Lundi 4 mars 2002
13h47. J'ai dévoré et adoré Haute Fidélité, qui m'a convaincue une nouvelle fois que les écrivains anglo-américains actuels étaient bien supérieurs à leurs homologues français, du moins dans l'échantillon que je connais. Parce qu'ils savent raconter des histoires simplement et merveilleusement bien à la fois. Tandis que les Français... Je ne veux pas généraliser, je ne connais pas très bien, mais pour ce que j'ai lu c'est à la fois poseur et bâclé, un mélange extrêmement dangereux. Généralement, leurs romans me laissent une impression de pas fini. On jurerait qu'ils craignent de raconter quelque chose ; peut-être un traumatisme collectif lié au Nouveau Roman ? Toujours est-il que je vous conseille de ne pas laisser passer une journée de plus sans vous précipiter chez votre libraire préféré et lui arracher le roman de Nick Hornby. Ce n'est pas toujours très joyeux, et pourtant on en sort heureux et confiant.
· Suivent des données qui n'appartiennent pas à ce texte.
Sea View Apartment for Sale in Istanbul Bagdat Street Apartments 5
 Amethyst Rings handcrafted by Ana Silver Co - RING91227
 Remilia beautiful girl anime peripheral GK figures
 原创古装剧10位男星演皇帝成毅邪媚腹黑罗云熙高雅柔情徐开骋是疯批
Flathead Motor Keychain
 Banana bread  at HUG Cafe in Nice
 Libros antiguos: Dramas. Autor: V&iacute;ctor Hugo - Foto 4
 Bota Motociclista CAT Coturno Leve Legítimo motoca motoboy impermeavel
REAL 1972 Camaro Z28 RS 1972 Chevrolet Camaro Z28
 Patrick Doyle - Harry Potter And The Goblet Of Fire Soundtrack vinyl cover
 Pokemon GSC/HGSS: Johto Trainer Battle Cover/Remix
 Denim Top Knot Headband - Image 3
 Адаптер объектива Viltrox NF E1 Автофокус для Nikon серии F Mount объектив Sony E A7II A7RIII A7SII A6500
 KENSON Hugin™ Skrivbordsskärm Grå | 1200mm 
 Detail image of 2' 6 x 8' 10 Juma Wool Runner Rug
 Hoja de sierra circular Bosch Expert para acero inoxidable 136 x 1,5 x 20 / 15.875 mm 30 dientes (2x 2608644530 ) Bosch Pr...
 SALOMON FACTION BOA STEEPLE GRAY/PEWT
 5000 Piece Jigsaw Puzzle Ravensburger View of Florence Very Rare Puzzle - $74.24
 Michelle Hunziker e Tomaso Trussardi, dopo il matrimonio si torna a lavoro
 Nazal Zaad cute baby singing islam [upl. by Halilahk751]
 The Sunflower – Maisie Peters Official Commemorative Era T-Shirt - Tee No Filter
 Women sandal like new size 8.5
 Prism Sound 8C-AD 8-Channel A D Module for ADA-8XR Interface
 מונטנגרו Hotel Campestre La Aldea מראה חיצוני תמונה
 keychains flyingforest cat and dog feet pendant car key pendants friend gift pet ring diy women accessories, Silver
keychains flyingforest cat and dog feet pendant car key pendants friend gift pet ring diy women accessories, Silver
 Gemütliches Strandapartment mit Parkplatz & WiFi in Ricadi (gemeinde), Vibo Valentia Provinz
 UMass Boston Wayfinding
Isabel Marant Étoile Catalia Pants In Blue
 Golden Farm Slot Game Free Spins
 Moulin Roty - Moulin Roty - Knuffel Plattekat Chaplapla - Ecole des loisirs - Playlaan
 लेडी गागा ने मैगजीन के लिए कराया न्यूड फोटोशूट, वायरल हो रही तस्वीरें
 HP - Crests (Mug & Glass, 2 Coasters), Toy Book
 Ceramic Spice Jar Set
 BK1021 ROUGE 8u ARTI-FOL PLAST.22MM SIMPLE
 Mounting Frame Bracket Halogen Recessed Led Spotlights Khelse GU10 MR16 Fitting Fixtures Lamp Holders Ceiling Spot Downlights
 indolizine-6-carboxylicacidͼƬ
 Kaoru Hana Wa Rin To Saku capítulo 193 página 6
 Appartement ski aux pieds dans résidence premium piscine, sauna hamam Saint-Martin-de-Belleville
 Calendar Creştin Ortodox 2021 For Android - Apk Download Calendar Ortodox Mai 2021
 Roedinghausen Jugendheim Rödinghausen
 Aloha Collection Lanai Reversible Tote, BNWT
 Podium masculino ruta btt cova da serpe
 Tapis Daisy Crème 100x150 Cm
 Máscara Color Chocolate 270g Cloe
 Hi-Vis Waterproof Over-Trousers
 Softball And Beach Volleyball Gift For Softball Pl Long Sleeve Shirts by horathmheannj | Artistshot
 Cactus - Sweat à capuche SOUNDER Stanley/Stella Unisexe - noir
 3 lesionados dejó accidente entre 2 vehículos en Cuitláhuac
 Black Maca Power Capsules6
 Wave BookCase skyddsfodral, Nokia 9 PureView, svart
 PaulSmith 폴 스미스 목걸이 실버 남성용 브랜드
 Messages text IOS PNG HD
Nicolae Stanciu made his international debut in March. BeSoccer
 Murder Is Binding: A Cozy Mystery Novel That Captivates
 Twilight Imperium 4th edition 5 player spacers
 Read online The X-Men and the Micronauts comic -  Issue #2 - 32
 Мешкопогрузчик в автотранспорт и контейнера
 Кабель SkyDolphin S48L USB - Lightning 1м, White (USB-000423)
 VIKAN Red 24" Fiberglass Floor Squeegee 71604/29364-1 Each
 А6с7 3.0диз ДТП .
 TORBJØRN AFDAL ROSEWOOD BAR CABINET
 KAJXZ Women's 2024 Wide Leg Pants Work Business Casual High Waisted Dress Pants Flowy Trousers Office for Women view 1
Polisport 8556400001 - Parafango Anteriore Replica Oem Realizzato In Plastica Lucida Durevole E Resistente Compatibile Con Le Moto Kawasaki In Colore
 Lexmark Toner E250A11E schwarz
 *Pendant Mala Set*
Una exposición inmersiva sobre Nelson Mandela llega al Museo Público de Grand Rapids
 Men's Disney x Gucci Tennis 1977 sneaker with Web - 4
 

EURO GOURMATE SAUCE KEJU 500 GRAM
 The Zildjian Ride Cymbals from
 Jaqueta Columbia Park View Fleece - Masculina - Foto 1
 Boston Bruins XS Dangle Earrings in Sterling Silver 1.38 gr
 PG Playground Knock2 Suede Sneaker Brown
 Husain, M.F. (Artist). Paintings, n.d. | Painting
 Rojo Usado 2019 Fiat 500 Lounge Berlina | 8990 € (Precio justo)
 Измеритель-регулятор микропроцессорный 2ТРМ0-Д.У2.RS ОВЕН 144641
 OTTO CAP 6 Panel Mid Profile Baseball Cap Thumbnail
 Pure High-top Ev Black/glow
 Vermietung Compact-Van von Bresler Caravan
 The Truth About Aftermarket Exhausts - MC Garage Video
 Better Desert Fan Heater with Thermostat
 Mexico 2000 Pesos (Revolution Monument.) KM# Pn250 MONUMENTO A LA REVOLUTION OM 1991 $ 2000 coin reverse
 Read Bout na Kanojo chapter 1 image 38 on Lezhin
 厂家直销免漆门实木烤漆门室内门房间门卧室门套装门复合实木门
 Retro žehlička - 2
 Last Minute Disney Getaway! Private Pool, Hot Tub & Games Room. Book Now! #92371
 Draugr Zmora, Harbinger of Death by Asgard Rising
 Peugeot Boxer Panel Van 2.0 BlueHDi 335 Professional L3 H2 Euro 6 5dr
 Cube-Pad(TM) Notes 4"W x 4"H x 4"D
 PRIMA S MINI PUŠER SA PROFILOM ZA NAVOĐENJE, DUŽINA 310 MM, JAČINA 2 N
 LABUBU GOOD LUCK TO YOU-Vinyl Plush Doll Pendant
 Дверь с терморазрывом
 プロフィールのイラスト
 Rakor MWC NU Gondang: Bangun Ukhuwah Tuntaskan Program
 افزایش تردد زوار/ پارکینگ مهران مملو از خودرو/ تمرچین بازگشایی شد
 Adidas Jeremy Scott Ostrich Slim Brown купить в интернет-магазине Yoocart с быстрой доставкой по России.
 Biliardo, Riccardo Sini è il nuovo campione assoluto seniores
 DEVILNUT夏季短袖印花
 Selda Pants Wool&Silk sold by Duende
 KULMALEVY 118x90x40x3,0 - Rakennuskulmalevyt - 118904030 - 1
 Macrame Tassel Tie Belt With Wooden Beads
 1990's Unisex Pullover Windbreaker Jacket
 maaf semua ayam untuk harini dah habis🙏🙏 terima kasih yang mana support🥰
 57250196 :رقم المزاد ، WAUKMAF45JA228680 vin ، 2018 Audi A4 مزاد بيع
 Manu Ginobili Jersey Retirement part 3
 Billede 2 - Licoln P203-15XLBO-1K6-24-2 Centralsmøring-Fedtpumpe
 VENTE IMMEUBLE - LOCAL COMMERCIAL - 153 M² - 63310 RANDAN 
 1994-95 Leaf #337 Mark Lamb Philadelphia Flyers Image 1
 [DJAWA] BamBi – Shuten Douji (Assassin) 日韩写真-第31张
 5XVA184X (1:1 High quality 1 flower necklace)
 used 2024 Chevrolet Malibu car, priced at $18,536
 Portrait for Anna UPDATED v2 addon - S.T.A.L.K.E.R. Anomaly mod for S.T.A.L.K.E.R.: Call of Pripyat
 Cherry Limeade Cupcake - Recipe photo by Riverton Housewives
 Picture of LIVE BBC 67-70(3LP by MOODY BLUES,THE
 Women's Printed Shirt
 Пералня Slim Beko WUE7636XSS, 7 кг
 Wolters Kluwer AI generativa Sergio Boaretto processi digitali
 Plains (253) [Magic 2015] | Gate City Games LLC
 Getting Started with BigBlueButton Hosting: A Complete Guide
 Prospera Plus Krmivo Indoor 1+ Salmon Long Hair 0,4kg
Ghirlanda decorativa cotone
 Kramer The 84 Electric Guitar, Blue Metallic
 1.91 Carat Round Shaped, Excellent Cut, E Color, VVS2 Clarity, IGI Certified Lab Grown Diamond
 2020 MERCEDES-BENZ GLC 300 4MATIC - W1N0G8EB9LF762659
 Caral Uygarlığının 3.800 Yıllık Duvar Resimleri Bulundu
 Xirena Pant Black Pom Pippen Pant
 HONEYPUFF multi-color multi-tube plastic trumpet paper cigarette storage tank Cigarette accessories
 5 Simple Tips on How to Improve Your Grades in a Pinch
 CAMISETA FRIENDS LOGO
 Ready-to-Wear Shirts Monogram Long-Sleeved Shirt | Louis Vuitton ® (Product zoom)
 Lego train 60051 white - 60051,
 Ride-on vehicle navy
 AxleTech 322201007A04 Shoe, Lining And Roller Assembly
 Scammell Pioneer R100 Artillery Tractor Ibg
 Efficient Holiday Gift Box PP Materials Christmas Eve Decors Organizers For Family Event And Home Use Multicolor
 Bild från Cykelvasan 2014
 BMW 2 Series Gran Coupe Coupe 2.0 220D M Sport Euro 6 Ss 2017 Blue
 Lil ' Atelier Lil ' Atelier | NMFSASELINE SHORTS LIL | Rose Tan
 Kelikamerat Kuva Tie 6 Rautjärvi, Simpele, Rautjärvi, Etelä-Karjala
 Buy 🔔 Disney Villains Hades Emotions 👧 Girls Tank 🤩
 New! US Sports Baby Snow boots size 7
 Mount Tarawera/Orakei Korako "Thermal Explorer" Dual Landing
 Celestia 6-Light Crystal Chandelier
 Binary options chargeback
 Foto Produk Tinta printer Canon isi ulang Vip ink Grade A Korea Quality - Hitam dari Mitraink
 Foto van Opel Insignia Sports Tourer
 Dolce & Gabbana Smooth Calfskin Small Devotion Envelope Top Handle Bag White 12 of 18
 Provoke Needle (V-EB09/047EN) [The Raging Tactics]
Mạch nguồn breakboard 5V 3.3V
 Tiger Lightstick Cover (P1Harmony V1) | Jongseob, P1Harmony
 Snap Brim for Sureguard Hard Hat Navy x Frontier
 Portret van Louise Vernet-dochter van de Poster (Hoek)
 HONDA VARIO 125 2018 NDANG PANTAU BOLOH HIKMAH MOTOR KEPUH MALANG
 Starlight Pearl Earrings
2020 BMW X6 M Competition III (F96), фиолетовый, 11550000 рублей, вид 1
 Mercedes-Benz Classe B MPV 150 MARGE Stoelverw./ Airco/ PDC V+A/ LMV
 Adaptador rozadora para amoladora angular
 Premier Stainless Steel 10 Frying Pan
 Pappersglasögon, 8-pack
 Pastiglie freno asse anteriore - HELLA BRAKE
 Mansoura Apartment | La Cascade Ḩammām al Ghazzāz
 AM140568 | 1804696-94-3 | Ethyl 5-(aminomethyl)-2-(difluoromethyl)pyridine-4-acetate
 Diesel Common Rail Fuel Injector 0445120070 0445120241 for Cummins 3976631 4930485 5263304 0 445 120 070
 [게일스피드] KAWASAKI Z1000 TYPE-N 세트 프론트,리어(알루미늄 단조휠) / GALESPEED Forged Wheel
Ce matin, après un douloureux lever à six heures et demie, un lever hésitant aussi (j'avais le choix entre me rendormir, et aller au cours similaire de 9h30, mais dans ce cas ne rien faire de ma matinée, ou me précipiter hors du lit en sachant que je pourrais, en rentrant de mon cours, travailler, lancer une machine, etc. J'ai choisi la deuxième solution, mais rien ne saurait remplacer l'heure et demie de draps chauds, de sommeil, de rêves que j'ai perdue ce matin), j'ai découvert un phénomène. Une fille qui a fait un exposé ce matin. Je ne pensais pas que c'était possible d'offrir à vingt ans une telle apparence, et je sais bien que ma description va être beaucoup trop faible, mais je vais essayer de faire de mon mieux. Un serre-tête comme on en porte à huit ans, un chemisier blanc avec une médaille en or (la Sainte Vierge ?), une gilet bleu marine avec de gros boutons dorés, un genre de foulard écossais bleu marine et vert, une ample jupe trop longue écossaise (mais pas les mêmes carreaux ni les mêmes couleurs !), des petites chaussures à petits talons. De près, elle faisait à peine plus que son âge probable, vingt ans, mais de loin on lui en aurait donné cinquante. Je n'ai rien contre les vêtements un peu stricts, mais là ce n'est pas seulement strict, c'est laid, douloureusement laid, horriblement BCBG, vraiment, on croirait voir sa mère en la regardant. Sa façon de parler était à l'avenant ("... nous en avons déjà passablement parlé..." "...le titre de cet opuscule..." même les profs les plus "vieille école" ne s'expriment pas comme ça). Elle ne dégageait aucune prétention, non, mais elle était complètement décalée, figée dans un autre univers. Terrifiant. Si elle a aussi peu de fantaisie à vingt ans, mais quand va-t-elle vivre un peu ? Il n'y a qu'à la voir pour savoir qu'elle n'a aucune expérience de la vie, hormis sa composante la plus strictement scolaire. Elle a l'air très gentille, ça m'a fait de la peine. On ne peut même pas l'imaginer aller au cinéma avec sa meilleure amie, ça paraît trop audacieux pour elle. Le prof lui a fait pas mal de reproches à l'issue de son exposé (ça m'a rassurée, je n'avais pas suivi grand-chose), et j'ai eu la vague impression... mais peut-être que je projette mes propres sentiments... qu'il était légèrement agacé de cette drôle de fille, à la fois très assurée dans ses propos, involontairement pédante, et si peu vivante.